Emily Faber reports for Coindesk about three contemporary artists who have been “pulled in by bitcoin’s excitement and mystery”.
Poesy Liang is immersed in Silicon Valley, and sells works for Bitcoin. Lindsey Nobel encountered Bitcoin from a Wall Street buyer, and found that it fits into her overall creative meditations on networks and flows in networks—neurons, society, and finance are all global networks. Karen Zahray is fascinated by the “mystery” of Bitcoin, and its promises in the area of online privacy. She also is exploring digital sales using cryptocurrency.
As far as I can tell, none of these artists have made any particular use of Bitcoin or cryptocurrency ideas in their art. They learned about it by “chatter” among their trendy set, and became curious. Given the extreme abstraction and virtuality of cryptocurrency, I’m not surprised that artists have not done much with it.
Faber points out that cryptocurrency transactions really should be interesting for artists, who are often involved in many (small) sales of their works. Peer-to-peer, low overhead payments may be very helpful for starving artists. Theoretically. (And see, for example, Ascribe)
But to date, much of the interest is due to fashion, the “excitement and mystery” of Bitcoin. It is “more interesting than banks”, and borderless, says Noble. Well, maybe.
Faber appears disappointed that this interest does not involve actually using Bitcoin yet. “[W]hile bitcoin certainly can capture your imagination, it doesn’t always end up in your wallet”. I’m not sure that anyone should expect artists to get involved in such a marginal technology, that’s not really their “job”.
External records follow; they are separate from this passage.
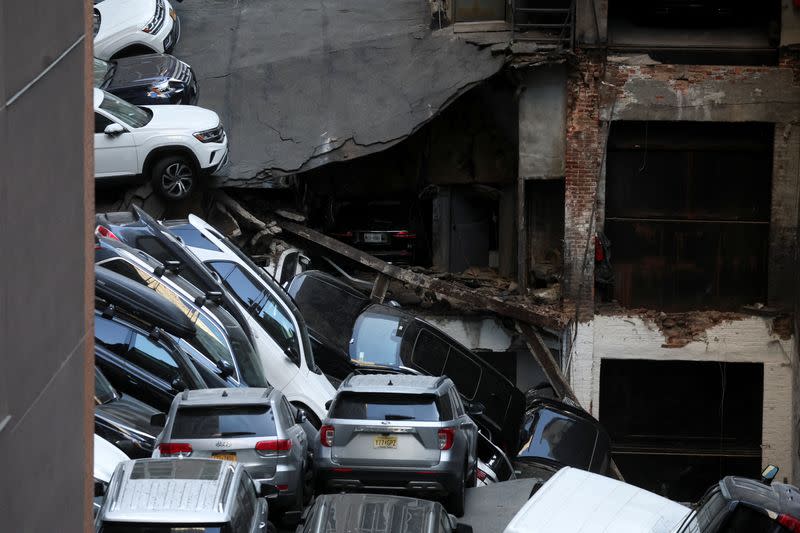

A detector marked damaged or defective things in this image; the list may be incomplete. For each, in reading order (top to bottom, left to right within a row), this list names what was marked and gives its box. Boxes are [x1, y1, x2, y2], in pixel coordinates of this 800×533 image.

cracked concrete floor [171, 0, 504, 187]
broken steel beam [278, 218, 564, 330]
crushed suv [92, 456, 276, 528]
crushed suv [153, 386, 312, 512]
crushed suv [314, 374, 478, 516]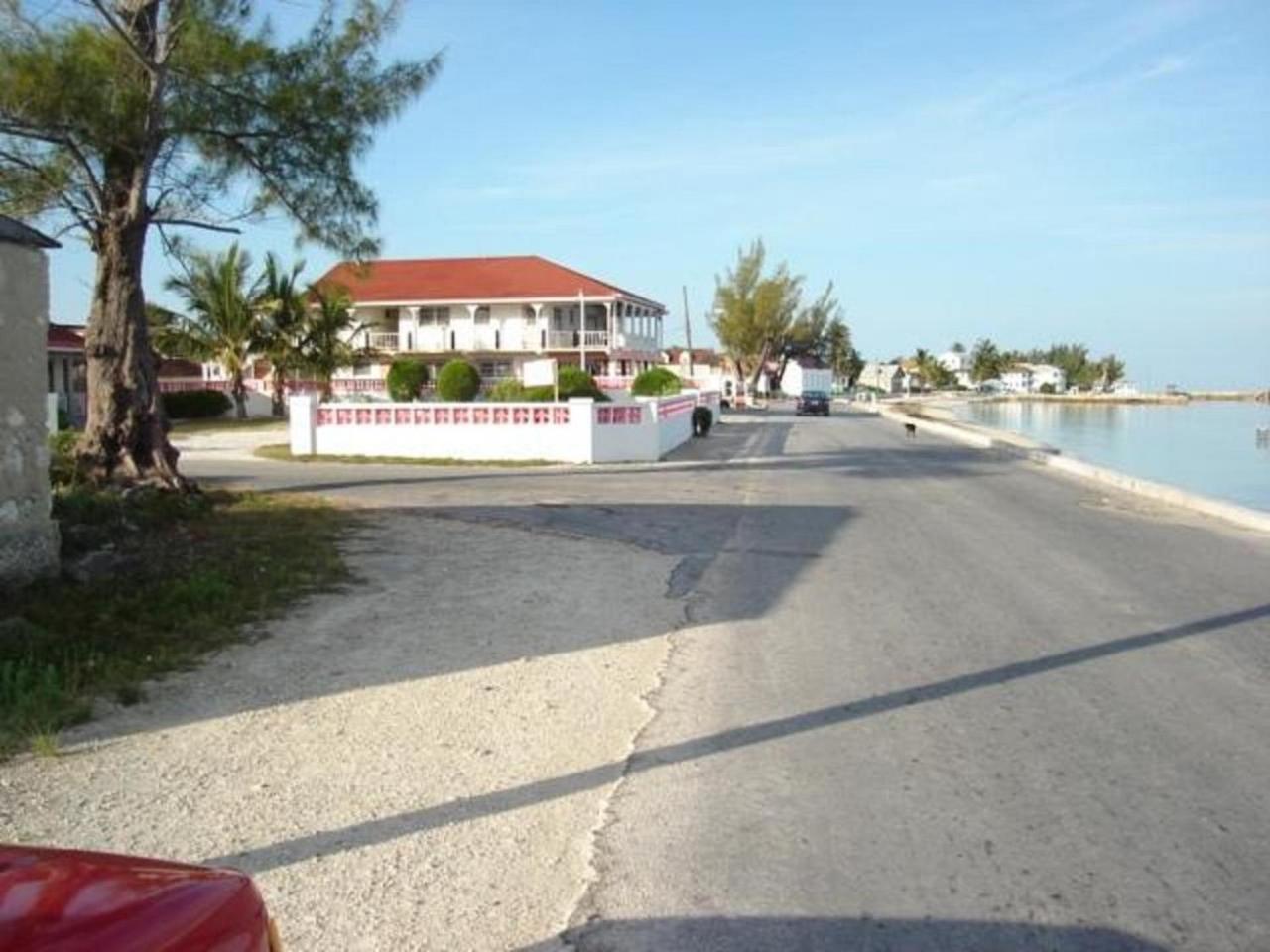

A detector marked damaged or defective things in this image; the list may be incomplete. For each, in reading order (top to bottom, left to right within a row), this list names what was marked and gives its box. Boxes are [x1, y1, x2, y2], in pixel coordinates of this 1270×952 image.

cracked asphalt [2, 411, 1270, 952]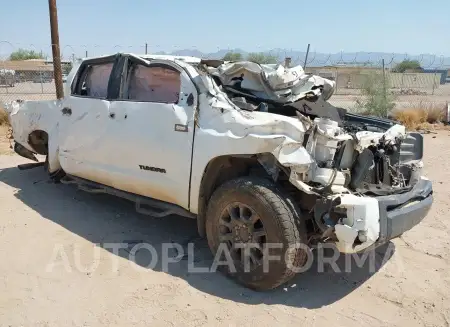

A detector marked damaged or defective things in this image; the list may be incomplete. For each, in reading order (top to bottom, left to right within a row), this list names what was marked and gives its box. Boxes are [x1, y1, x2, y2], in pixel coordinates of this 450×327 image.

wrecked white truck [2, 54, 432, 292]
crumpled hood [206, 60, 336, 103]
damaged front end [204, 59, 432, 254]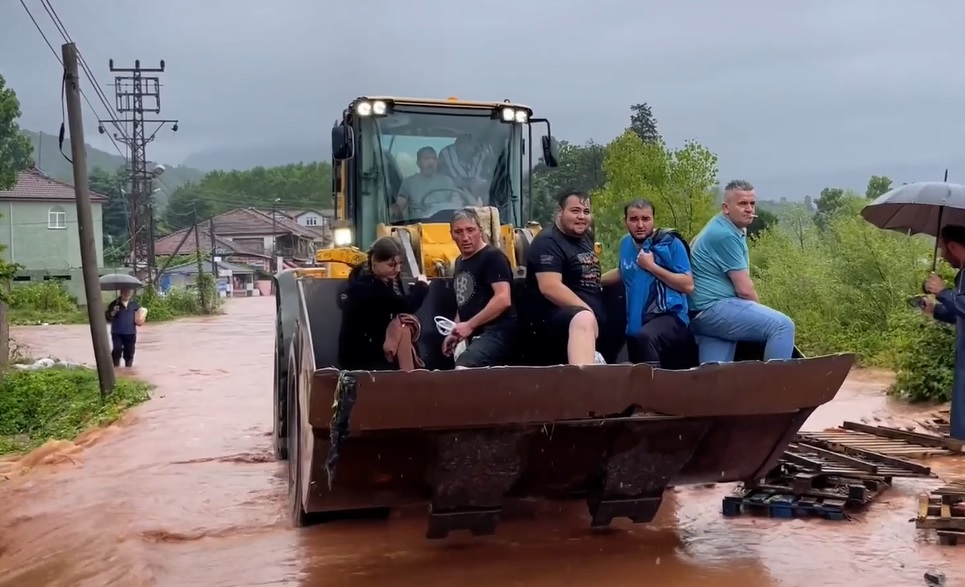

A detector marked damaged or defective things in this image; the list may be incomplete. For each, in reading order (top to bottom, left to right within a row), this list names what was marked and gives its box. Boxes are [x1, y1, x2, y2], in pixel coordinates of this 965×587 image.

rusted metal frame [796, 436, 932, 478]
rusted metal frame [836, 422, 964, 454]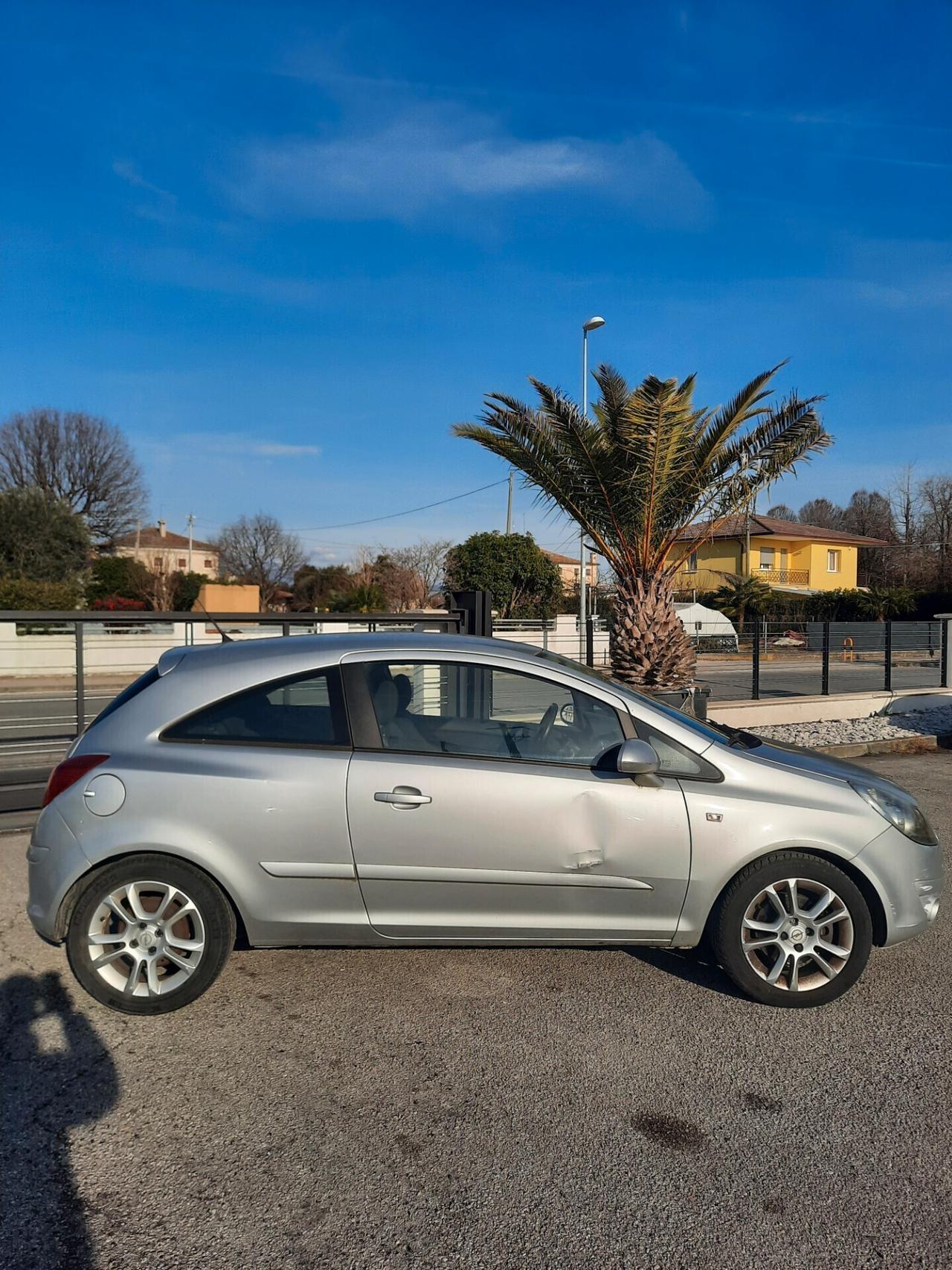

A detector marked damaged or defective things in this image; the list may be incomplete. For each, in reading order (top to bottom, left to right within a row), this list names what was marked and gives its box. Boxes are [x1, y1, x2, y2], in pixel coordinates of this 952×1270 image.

dent on car door [342, 655, 695, 945]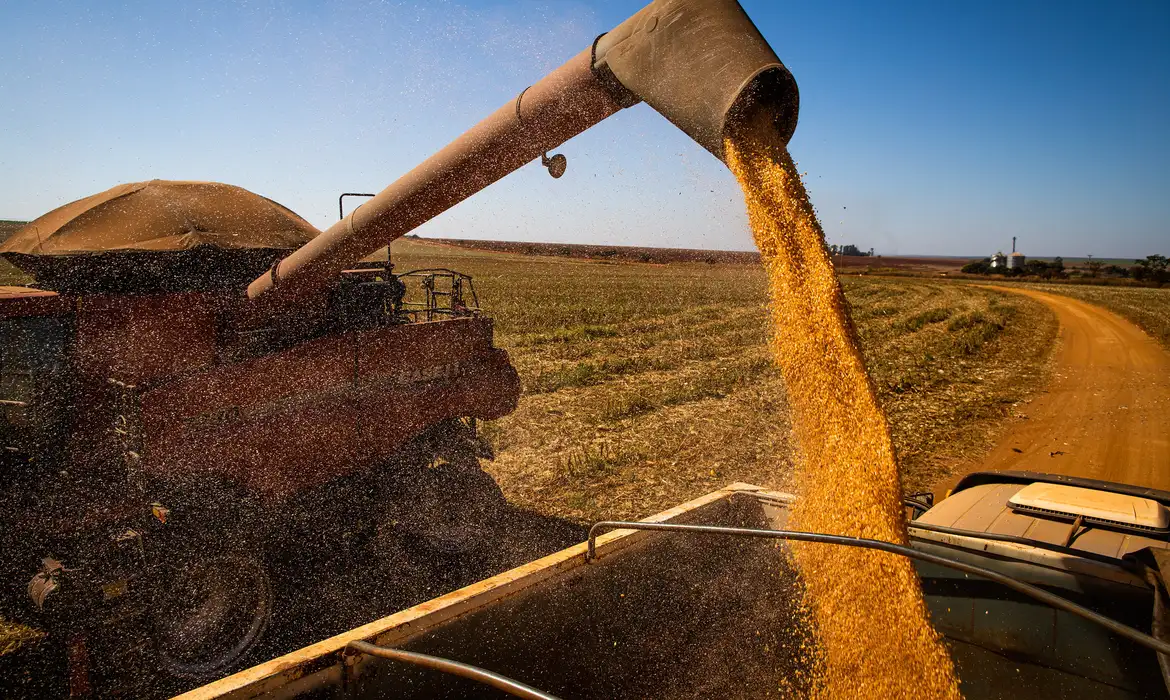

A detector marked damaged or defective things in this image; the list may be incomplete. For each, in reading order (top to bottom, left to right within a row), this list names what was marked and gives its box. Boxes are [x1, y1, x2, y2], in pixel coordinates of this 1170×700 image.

rusty metal surface [248, 47, 631, 311]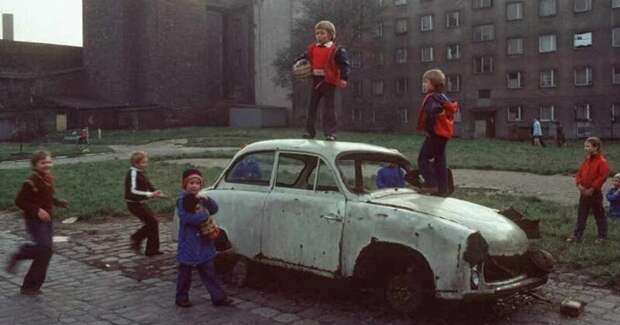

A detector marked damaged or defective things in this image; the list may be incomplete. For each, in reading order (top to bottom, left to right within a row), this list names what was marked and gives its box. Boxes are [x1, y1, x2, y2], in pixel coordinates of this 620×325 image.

rusty car body [173, 139, 548, 312]
dented car panel [190, 139, 548, 302]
But Faber does make the interesting point that “Time will tell if the art world will see continued bitcoin adoption, but if it does, it may be an interest in connections that is drawing artists to the currency.” I think this is a good point, and I would add that blockchain and cryptocurrency applications of many kinds—not just Bitcoin transactions—will be just as interesting. For example, consider provenance.org, which is deeply and profoundly about global connections and flows.